Les Tunisiens se sentent arabo-musulmans, mais s’opposent à l’ingérence du religieux dans leur vie

voting-1.jpgEn attendant la tenue des premières élections véritablement libres de l’histoire de la Tunisie –en l’occurrence de l’Assemblée constituante-, c’est par petites touches successives que les Tunisiens découvrent leur profil politique et leurs intentions dans ce domaine. Les sondages menés depuis le 14 janvier 2011 y contribuent beaucoup –malgré leurs limites et imperfections. Le dernier en date, réalisé par Sigma Conseil, le cabinet d’études dirigé par Hassen Zargouni, verse des éléments importants au débat sur la politique, la religion et le rapport des Tunisiens à ces deux facteurs.

A faire la synthèse des réponses aux six ou sept questions ayant trait à ces thèmes, on réalise que les Tunisiens se sentent ancrés dans la culture arabo-musulmane mais s’opposent à l’interférence du facteur religieux dans leur vie de tous les jours, et en particulier dans le rapport à Dieu.

Certes, plus de 90% des Tunisiens soutiennent que «la Tunisie doit renforcer son appartenance au monde arabo-musulman» -ce qui reflète «un grand sentiment d’ancrage identitaire», note Sigma Conseil. Mais cela n’empêche pas 70% des sondés de considérer que le gouvernement doit «légiférer en Tunisie en se référant à un droit civil» et pensent –en plus grand nombre (92,3%)- que «la Chariaa pourrait être appliquée sur certains sujets et rejettent un droit basé uniquement » sur la loi islamique. Seulement 8,7% des Tunisiens (notamment dans le Centre-ouest, avec 20,6%) sont favorables à l’application de la Chariaa. Près des deux tiers (69,5%) considèrent que «le gouvernement doit émettre des lois selon le souhait des gens dans certains sujets et selon la Chariaa sur d’autres».

Les Tunisiens sont encore plus clairs sur le rapport à la religion et plus nombreux à considérer que «les pratiques religieuses constituent une affaire personnelle et ne doivent en aucun cas être imposées». Minoritaire dans le Nord-ouest (19,05%) et de la frange populaire de la population (43,5%), ce point de vue est largement majoritaire (58,8%) au sein de la classe aisée.

De ce fait, il n’est guère étonnant que les deux tiers des Tunisiens s’opposent également à l’usage des mosquées comme tribunes électorales. Et là aussi le clivage est net entre classe aisée (60,8%) et populaire (37,7%). D’ailleurs, la majorité des Tunisiens –près de la moitié des femmes (52,4%) et près de 5% ne savent pas ou refusent de répondre, seulement 26,4% déclarent aller une fois par semaine ou plus à la mosquée.
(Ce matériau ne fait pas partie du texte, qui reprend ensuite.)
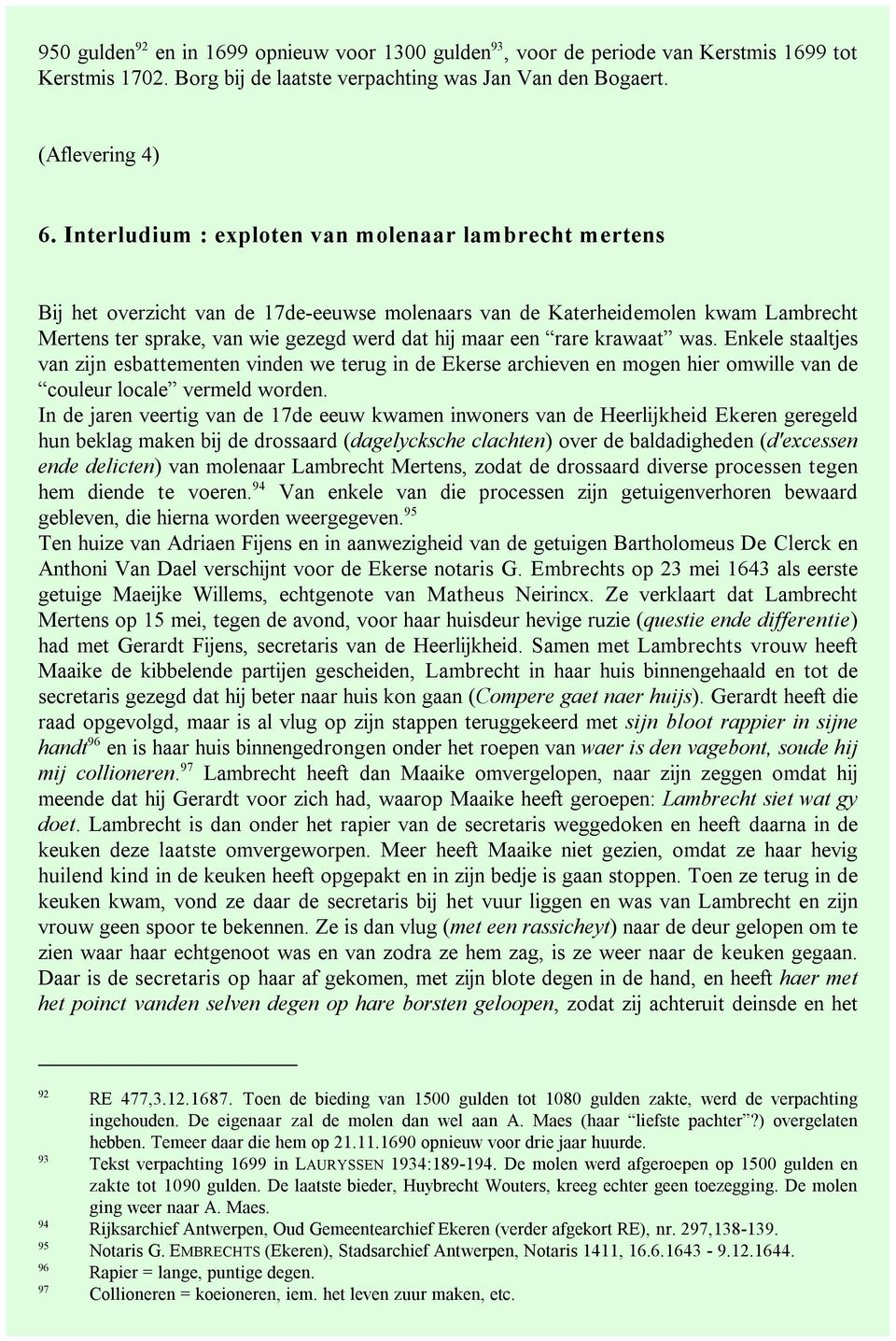 rare krawaat was. Enkele staaltjes van zijn esbattementen vinden we terug in de Ekerse archieven en mogen hier omwille van de couleur locale vermeld worden.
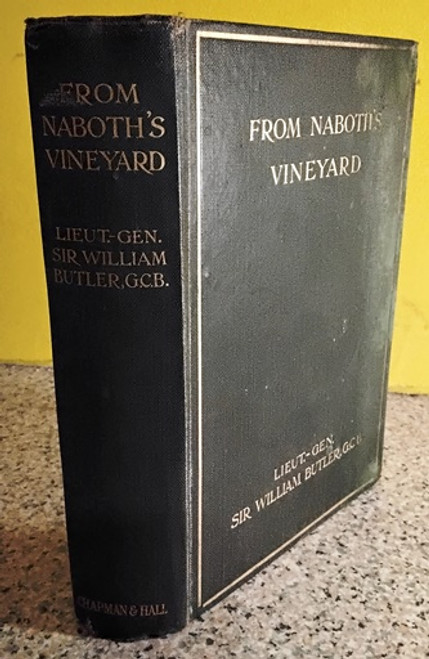 1907 From Naboth's Vineyard by Sir William Butler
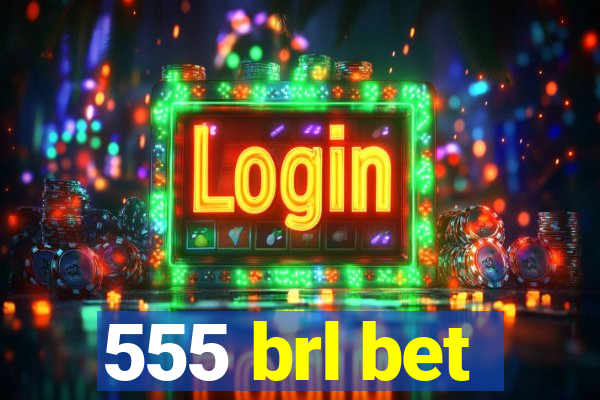 555 brl bet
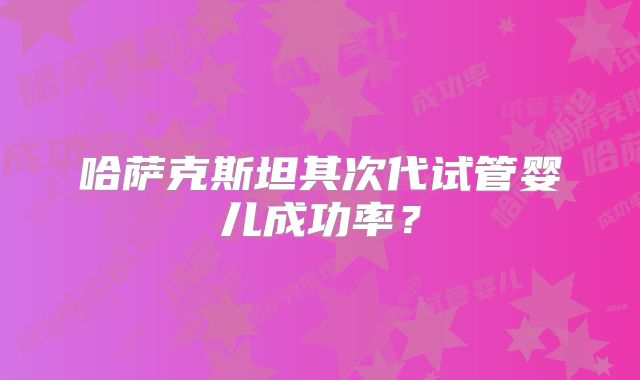 哈萨克斯坦其次代试管婴儿成功率？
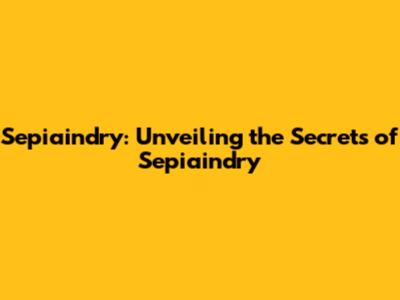 Sepiaindry: Unveiling the Secrets of Sepiaindry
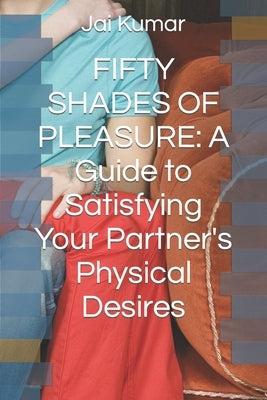 Fifty Shades of Pleasure: A Guide to Satisfying Your Partner's Physical Desires by , Jagdish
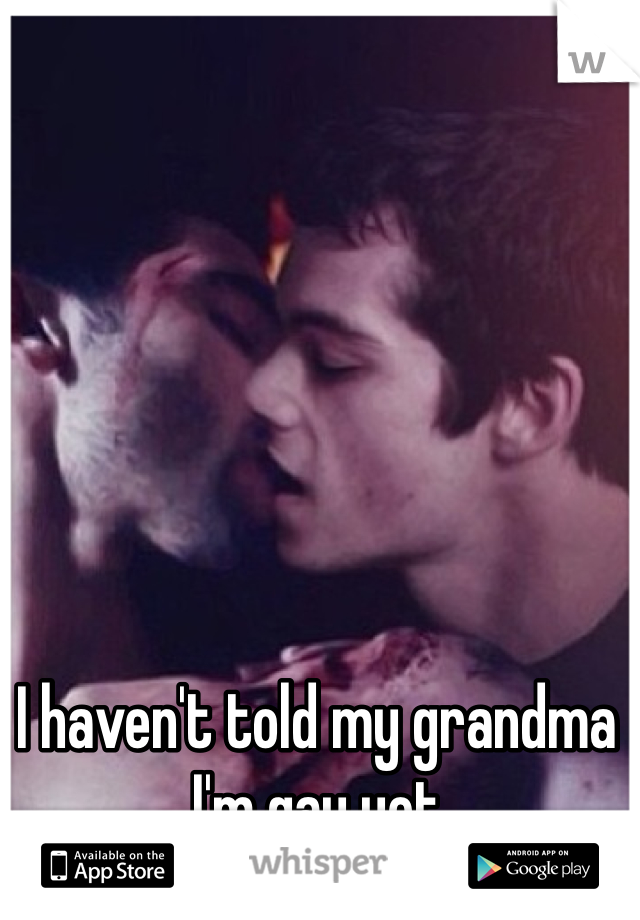 I haven't told my grandma I'm gay yet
Et quand on les invite à mentionner par ordre d’importance les priorités que le gouvernement devrait se fixer dans son action, les Tunisiens citent en premier les domaines économique (bien gérer l’économie), social (fournir plus de soins gratuits, de pensions et aides financières aux personnes modestes), et en matière de gouvernance (réduire la corruption dans le gouvernement et protéger les droits des citoyens contre la police ou les autres autorités gouvernementales), devant les questions religieuses (enseignement des valeurs de la Chariaa dans les écoles, protection des droits des chrétiens, égalité entre la femme et l’homme, etc.).